→ Exercise details: If a line in the following entries contains the string "Avenue", it counts toward the total; report only that total.

(Scraped caption text data)
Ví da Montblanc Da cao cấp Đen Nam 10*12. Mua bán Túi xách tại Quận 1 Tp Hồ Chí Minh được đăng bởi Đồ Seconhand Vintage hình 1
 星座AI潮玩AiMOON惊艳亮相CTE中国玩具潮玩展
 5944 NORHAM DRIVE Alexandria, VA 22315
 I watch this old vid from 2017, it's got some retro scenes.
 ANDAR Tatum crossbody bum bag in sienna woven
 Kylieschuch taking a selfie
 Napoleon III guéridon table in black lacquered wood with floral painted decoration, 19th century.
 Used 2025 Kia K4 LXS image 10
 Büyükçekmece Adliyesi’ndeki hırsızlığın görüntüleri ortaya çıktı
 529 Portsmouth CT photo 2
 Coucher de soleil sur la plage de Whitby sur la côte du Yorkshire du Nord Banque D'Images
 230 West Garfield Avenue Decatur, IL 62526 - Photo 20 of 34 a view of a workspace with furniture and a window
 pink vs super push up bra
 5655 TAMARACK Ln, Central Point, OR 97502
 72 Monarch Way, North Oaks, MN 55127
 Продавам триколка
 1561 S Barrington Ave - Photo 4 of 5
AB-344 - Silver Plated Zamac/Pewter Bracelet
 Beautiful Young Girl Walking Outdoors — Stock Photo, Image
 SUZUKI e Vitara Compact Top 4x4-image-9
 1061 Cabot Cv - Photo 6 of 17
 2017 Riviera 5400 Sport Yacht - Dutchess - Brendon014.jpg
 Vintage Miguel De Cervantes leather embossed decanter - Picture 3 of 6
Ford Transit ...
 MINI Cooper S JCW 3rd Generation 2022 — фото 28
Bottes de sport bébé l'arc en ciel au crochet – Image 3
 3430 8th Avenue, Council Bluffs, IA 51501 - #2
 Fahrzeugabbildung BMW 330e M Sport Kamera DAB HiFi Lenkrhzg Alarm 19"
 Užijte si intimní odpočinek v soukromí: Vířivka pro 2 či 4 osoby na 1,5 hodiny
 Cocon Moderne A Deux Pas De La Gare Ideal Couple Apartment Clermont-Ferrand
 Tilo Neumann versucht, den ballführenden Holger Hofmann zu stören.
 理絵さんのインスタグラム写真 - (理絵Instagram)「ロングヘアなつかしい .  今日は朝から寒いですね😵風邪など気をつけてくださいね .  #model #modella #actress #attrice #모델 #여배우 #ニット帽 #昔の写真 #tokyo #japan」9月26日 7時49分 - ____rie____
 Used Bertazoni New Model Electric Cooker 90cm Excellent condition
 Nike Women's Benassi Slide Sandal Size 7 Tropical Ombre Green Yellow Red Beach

→ Your response: 2